# Cute chicks



## chengdu (May 8, 2013)

Little 1 ish week old chicks we got to meet today,some hybrid breeds,were retuning to collect our 5 day old chicks,all set up and raring to go,they all looked just fab  coo away everyone,they were just adorable


----------



## GenFoe (Apr 3, 2013)

Congrats  they are so cute when they are little. Mine are currently in the awkward feather faze.


----------



## 7chicks (Jun 29, 2012)

Glad you finally got your chicks! Take lots of pics because they grow so fast. Even from morning to bedtime, you will notice little changes in them. Most importantly, have fun!


----------



## chengdu (May 8, 2013)

Awww thanks ladies,ours are currently waiting to hatch so they'll be very small and fuzzy,CUTE! We got to meet a few different age groups of chics,some were at the awkward feather stage and to me ,reminded me of teenagers finding there identity ,very cute,and some point of lay chickens ,white and brown hens,equally stunning,and bigger than I expected,I used to have chickens and they were quite petit ,I've plenty camera space,a note pad and some time off to get them settled in over the next few weeks,this is going to be a journey,ill keep you all up to date with there progress


----------



## GenFoe (Apr 3, 2013)

Yes! I say mine are in their teenage awkward stage!!


----------



## troub (Apr 27, 2013)

congrats on your cute chicks! I just got my first 4 day old chicks on tuesday and already I can see them growing. A teacher at the school I work at is hatching out some chicks and they should be hatching next wednesday so I am very tempted to add one more to my group, but am unsure if the others will pick on her. they will only be a week apart in age, so I think it should be ok. Does anyone have any thought about adding a single chick to a group that are a week older? I know I have a brinsea for heat for the chicks and will need to be raising it as they get bigger, but I think it still should be warm for the new chick.congratulations again on your cute chicks!


----------



## chengdu (May 8, 2013)

This guy had varying ages in different areas of the garden etc so I'm sure 1 week apart will be ok,I can not wait to see what little personalities they adopt,the fully grown hens were stunning,really well looked after,pop some photos up,so we can see your cute chicks


----------



## ReTIRED (Mar 28, 2013)

*Yes ! *It is FUN to watch them grow* !!!

*Picture:











-ReTIRED-


----------



## troub (Apr 27, 2013)

I can't figure out how to post my pictures. I put attachments and hope they will show up. They are pictures of my 4 chicks that arrived last tuesday. they are getting bigger and their wing feathers are more developed now.
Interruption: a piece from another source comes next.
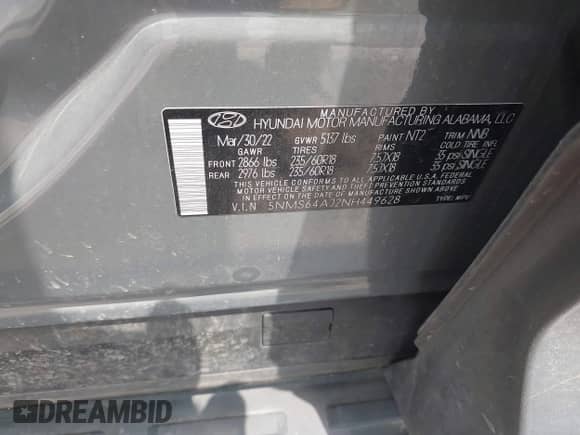 2022 Hyundai Santa Fe XRT with VIN 5NMS64AJ2NH449628, listed as a IAAI auction lot 42729354 with 47,854 mi miles and . Bid and sale history available at DreamBid. Image 9.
I will try to post newer photos if these work.


----------



## troub (Apr 27, 2013)

you're right about their personalities developing. my delaware is now the largest and is very confident. she hops on top of the brinsea warmer now and I have raised it one notch because they have grown that much just in a week! the salmon favorelle is the smallest. I told my daughter she has a napolean complex because she likes to stand on her toes and hold her wings out to the others to look bigger than she is and intimidate them. they just look at her as if to say "who are you kidding?" and go on about their business so she does the same thing to the next one. at the end of the day she squishes between two chicks so she looks like a sandwich and goes to sleep. I just love them more and more each day I see them because they really do have such personalities. My buff orpington seems to be the gentlest. I was surprised to see my delaware being the one that minds me picking her up the least. she seems more inquisative about me and keeps looking me all over while I hold her. My australorpe doesn't want anything to do with me and turns himself inside out trying to get me to put him down. the buff orpington will calmly sit in my hand and look at me and the little salmon favorelle will run like crazy to avoid me picking her up, but once she's there she doesn't mind it as much. I am hoping the more I handle them and they get used to me, the more they will not mind it. I think when they are old enough for me to give them treats, they will be more inclined to want me to hold them! In the meantime, I will enjoy sitting and watching them peep and get into mischief. How are your little ones doing? they sure make a mess don't they?


----------



## chengdu (May 8, 2013)

Aww your wee fluff balls look sooo cute! My babies will be hatching today I think,when we collect them on Friday they'll be 5days old,isn't it amazing something so young can be so strong, there characters are just fab,there home is all set up in the conservatory ,heat lamp and food at the ready,husband will be putting our coop together soon,just so it's all ready,for the first outting,time passes so quickly in our house hold due to us always working,luckily for me I work from home so can keep a good eye on the family shenanigans  the breeder I have selected is very eccentric ,I like people like this,as I am a little that way,and of course chicks will take after mama


----------



## starbarn_chickens (May 13, 2013)

I got my chickens 2 days old! They are so adorable







here is a photo!


----------



## GenFoe (Apr 3, 2013)

2 days old and almost 5 weeks old!


----------



## troub (Apr 27, 2013)

all of your chicks are so adorable! It's hard to believe how much they change in just a few weeks! I'm excited and anxious all at the same time! I worry I might not do something right or not have something ready in time with them growing so fast, but my babies are all growing and looking very healthy. This is the beginning of week two for mine and some already have thier wing feathers and now tail feathers starting. Thank you for sharing your pictures. I really love to see how everyones girls are growing!


----------



## chengdu (May 8, 2013)

Hey,we got our chicks yesterday and decided to go for the 2 week old chicks,purely as its our first time ,there first nights sleep over,and they seem just fine,fresh water,food and bedding in,and there back under heat again,perfect wee bundles,I've got two JRT dogs and the female is protecting the chick box,is this normal? It's very cute


----------



## troub (Apr 27, 2013)

Keep an eye on them. Mine are two weeks now and my little delaware, penney the inquisative one, has been eyeing the top of the wall of the chicken corral I keep them in. She made her attempt at scaling the wall yesterday and came within inches. She was the one that jumped onto the edge of the box when they arrived as day old chicks and also the first one to hop onto the top of my brinsea chick warmer and now she is trying to move on to bigger and better things. Needless to say..........I have a screen on top now. I can only imagine she's thinking "shucks!"


----------



## chengdu (May 8, 2013)

I think mines will be doing this from next week,I have one whom is taller and more feistier than the others,she keeps looking out the window as if to say hey you! Haha,I'm thinking it may be time to get a bigger box before there is some escapees haha,cute !


----------